__GOAL OF THE EXERCISE__:
Read the records and write them out again exactly.

*** Opening DATA RECORDS ***

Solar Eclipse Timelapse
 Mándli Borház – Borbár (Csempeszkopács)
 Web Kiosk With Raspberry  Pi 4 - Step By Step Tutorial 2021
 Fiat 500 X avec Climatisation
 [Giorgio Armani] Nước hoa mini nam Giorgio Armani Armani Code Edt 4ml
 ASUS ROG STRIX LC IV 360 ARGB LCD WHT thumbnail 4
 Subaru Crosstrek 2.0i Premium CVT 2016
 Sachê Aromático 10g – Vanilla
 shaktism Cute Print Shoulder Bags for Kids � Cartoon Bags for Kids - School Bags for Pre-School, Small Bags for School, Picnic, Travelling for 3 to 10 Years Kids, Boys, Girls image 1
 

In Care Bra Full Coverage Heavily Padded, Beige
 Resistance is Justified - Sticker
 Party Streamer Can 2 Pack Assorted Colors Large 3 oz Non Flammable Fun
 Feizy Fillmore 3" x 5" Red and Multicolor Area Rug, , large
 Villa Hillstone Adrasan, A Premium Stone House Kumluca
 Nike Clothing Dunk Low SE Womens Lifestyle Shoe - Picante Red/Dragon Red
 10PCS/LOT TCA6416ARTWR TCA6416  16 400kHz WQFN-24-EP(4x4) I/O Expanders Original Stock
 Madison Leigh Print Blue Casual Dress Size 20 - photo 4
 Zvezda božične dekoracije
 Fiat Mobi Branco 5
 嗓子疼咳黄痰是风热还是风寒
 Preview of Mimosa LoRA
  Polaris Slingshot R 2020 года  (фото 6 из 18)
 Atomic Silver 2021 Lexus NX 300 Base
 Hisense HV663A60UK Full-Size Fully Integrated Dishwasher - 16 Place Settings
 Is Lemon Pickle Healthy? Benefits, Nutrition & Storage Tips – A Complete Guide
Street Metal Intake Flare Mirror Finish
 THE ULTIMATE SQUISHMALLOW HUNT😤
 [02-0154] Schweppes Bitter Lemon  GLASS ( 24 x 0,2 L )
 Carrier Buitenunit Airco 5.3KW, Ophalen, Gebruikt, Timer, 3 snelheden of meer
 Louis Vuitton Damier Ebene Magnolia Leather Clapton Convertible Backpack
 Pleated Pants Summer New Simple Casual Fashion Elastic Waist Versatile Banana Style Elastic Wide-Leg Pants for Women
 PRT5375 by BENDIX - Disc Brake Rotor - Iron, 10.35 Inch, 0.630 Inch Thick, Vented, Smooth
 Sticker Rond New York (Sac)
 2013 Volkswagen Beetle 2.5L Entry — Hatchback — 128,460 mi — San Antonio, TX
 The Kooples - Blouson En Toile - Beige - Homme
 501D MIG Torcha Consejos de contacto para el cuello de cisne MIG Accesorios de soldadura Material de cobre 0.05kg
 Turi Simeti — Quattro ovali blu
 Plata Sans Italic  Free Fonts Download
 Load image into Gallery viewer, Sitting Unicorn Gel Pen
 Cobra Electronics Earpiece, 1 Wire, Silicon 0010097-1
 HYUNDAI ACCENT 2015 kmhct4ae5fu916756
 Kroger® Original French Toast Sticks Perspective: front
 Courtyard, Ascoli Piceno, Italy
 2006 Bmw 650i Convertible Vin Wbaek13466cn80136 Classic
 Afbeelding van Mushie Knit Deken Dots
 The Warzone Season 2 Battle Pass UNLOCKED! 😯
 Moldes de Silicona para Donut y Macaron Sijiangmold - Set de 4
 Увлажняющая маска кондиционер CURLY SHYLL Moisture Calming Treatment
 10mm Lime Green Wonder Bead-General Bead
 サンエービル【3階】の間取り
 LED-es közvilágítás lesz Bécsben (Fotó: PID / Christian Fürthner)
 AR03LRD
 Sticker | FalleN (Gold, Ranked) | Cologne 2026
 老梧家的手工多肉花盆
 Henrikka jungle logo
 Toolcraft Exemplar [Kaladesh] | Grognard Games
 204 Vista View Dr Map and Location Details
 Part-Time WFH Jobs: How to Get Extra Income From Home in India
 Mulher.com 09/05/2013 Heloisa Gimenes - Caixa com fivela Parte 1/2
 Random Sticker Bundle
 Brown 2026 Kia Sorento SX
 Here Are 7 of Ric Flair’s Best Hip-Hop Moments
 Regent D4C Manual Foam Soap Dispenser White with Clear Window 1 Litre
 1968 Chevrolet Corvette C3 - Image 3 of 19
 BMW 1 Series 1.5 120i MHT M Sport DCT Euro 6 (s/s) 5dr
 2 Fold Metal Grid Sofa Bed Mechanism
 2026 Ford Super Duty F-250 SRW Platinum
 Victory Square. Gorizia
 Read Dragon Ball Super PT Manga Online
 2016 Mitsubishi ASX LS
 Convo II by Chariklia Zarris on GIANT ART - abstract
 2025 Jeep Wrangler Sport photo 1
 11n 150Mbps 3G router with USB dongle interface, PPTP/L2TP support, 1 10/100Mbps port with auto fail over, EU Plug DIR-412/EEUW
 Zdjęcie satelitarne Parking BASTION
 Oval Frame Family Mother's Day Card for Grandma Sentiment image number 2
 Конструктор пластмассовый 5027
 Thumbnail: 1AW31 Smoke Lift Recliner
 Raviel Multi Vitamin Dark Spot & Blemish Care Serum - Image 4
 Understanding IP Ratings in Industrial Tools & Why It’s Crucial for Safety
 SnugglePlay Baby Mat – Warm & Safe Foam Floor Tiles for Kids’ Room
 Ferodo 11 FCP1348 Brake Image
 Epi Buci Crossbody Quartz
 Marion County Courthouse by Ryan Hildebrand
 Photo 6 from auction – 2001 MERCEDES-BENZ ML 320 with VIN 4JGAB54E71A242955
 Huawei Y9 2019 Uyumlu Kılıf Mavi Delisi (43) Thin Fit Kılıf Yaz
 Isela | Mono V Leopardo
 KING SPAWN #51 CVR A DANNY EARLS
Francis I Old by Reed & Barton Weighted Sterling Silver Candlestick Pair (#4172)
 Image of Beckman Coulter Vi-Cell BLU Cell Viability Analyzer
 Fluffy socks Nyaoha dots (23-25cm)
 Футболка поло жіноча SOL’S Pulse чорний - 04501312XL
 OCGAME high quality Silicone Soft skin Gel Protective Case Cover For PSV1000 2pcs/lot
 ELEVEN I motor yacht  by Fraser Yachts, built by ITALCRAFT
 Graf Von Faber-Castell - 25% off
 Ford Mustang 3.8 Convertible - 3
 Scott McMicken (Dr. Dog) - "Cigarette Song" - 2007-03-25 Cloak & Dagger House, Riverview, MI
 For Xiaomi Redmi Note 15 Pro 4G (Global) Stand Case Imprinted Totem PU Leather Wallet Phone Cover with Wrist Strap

*** Closing DATA RECORDS ***

__EXPECTED ANSWER__:
Solar Eclipse Timelapse
 Mándli Borház – Borbár (Csempeszkopács)
 Web Kiosk With Raspberry  Pi 4 - Step By Step Tutorial 2021
 Fiat 500 X avec Climatisation
 [Giorgio Armani] Nước hoa mini nam Giorgio Armani Armani Code Edt 4ml
 ASUS ROG STRIX LC IV 360 ARGB LCD WHT thumbnail 4
 Subaru Crosstrek 2.0i Premium CVT 2016
 Sachê Aromático 10g – Vanilla
 shaktism Cute Print Shoulder Bags for Kids � Cartoon Bags for Kids - School Bags for Pre-School, Small Bags for School, Picnic, Travelling for 3 to 10 Years Kids, Boys, Girls image 1
 

In Care Bra Full Coverage Heavily Padded, Beige
 Resistance is Justified - Sticker
 Party Streamer Can 2 Pack Assorted Colors Large 3 oz Non Flammable Fun
 Feizy Fillmore 3" x 5" Red and Multicolor Area Rug, , large
 Villa Hillstone Adrasan, A Premium Stone House Kumluca
 Nike Clothing Dunk Low SE Womens Lifestyle Shoe - Picante Red/Dragon Red
 10PCS/LOT TCA6416ARTWR TCA6416  16 400kHz WQFN-24-EP(4x4) I/O Expanders Original Stock
 Madison Leigh Print Blue Casual Dress Size 20 - photo 4
 Zvezda božične dekoracije
 Fiat Mobi Branco 5
 嗓子疼咳黄痰是风热还是风寒
 Preview of Mimosa LoRA
  Polaris Slingshot R 2020 года  (фото 6 из 18)
 Atomic Silver 2021 Lexus NX 300 Base
 Hisense HV663A60UK Full-Size Fully Integrated Dishwasher - 16 Place Settings
 Is Lemon Pickle Healthy? Benefits, Nutrition & Storage Tips – A Complete Guide
Street Metal Intake Flare Mirror Finish
 THE ULTIMATE SQUISHMALLOW HUNT😤
 [02-0154] Schweppes Bitter Lemon  GLASS ( 24 x 0,2 L )
 Carrier Buitenunit Airco 5.3KW, Ophalen, Gebruikt, Timer, 3 snelheden of meer
 Louis Vuitton Damier Ebene Magnolia Leather Clapton Convertible Backpack
 Pleated Pants Summer New Simple Casual Fashion Elastic Waist Versatile Banana Style Elastic Wide-Leg Pants for Women
 PRT5375 by BENDIX - Disc Brake Rotor - Iron, 10.35 Inch, 0.630 Inch Thick, Vented, Smooth
 Sticker Rond New York (Sac)
 2013 Volkswagen Beetle 2.5L Entry — Hatchback — 128,460 mi — San Antonio, TX
 The Kooples - Blouson En Toile - Beige - Homme
 501D MIG Torcha Consejos de contacto para el cuello de cisne MIG Accesorios de soldadura Material de cobre 0.05kg
 Turi Simeti — Quattro ovali blu
 Plata Sans Italic  Free Fonts Download
 Load image into Gallery viewer, Sitting Unicorn Gel Pen
 Cobra Electronics Earpiece, 1 Wire, Silicon 0010097-1
 HYUNDAI ACCENT 2015 kmhct4ae5fu916756
 Kroger® Original French Toast Sticks Perspective: front
 Courtyard, Ascoli Piceno, Italy
 2006 Bmw 650i Convertible Vin Wbaek13466cn80136 Classic
 Afbeelding van Mushie Knit Deken Dots
 The Warzone Season 2 Battle Pass UNLOCKED! 😯
 Moldes de Silicona para Donut y Macaron Sijiangmold - Set de 4
 Увлажняющая маска кондиционер CURLY SHYLL Moisture Calming Treatment
 10mm Lime Green Wonder Bead-General Bead
 サンエービル【3階】の間取り
 LED-es közvilágítás lesz Bécsben (Fotó: PID / Christian Fürthner)
 AR03LRD
 Sticker | FalleN (Gold, Ranked) | Cologne 2026
 老梧家的手工多肉花盆
 Henrikka jungle logo
 Toolcraft Exemplar [Kaladesh] | Grognard Games
 204 Vista View Dr Map and Location Details
 Part-Time WFH Jobs: How to Get Extra Income From Home in India
 Mulher.com 09/05/2013 Heloisa Gimenes - Caixa com fivela Parte 1/2
 Random Sticker Bundle
 Brown 2026 Kia Sorento SX
 Here Are 7 of Ric Flair’s Best Hip-Hop Moments
 Regent D4C Manual Foam Soap Dispenser White with Clear Window 1 Litre
 1968 Chevrolet Corvette C3 - Image 3 of 19
 BMW 1 Series 1.5 120i MHT M Sport DCT Euro 6 (s/s) 5dr
 2 Fold Metal Grid Sofa Bed Mechanism
 2026 Ford Super Duty F-250 SRW Platinum
 Victory Square. Gorizia
 Read Dragon Ball Super PT Manga Online
 2016 Mitsubishi ASX LS
 Convo II by Chariklia Zarris on GIANT ART - abstract
 2025 Jeep Wrangler Sport photo 1
 11n 150Mbps 3G router with USB dongle interface, PPTP/L2TP support, 1 10/100Mbps port with auto fail over, EU Plug DIR-412/EEUW
 Zdjęcie satelitarne Parking BASTION
 Oval Frame Family Mother's Day Card for Grandma Sentiment image number 2
 Конструктор пластмассовый 5027
 Thumbnail: 1AW31 Smoke Lift Recliner
 Raviel Multi Vitamin Dark Spot & Blemish Care Serum - Image 4
 Understanding IP Ratings in Industrial Tools & Why It’s Crucial for Safety
 SnugglePlay Baby Mat – Warm & Safe Foam Floor Tiles for Kids’ Room
 Ferodo 11 FCP1348 Brake Image
 Epi Buci Crossbody Quartz
 Marion County Courthouse by Ryan Hildebrand
 Photo 6 from auction – 2001 MERCEDES-BENZ ML 320 with VIN 4JGAB54E71A242955
 Huawei Y9 2019 Uyumlu Kılıf Mavi Delisi (43) Thin Fit Kılıf Yaz
 Isela | Mono V Leopardo
 KING SPAWN #51 CVR A DANNY EARLS
Francis I Old by Reed & Barton Weighted Sterling Silver Candlestick Pair (#4172)
 Image of Beckman Coulter Vi-Cell BLU Cell Viability Analyzer
 Fluffy socks Nyaoha dots (23-25cm)
 Футболка поло жіноча SOL’S Pulse чорний - 04501312XL
 OCGAME high quality Silicone Soft skin Gel Protective Case Cover For PSV1000 2pcs/lot
 ELEVEN I motor yacht  by Fraser Yachts, built by ITALCRAFT
 Graf Von Faber-Castell - 25% off
 Ford Mustang 3.8 Convertible - 3
 Scott McMicken (Dr. Dog) - "Cigarette Song" - 2007-03-25 Cloak & Dagger House, Riverview, MI
 For Xiaomi Redmi Note 15 Pro 4G (Global) Stand Case Imprinted Totem PU Leather Wallet Phone Cover with Wrist Strap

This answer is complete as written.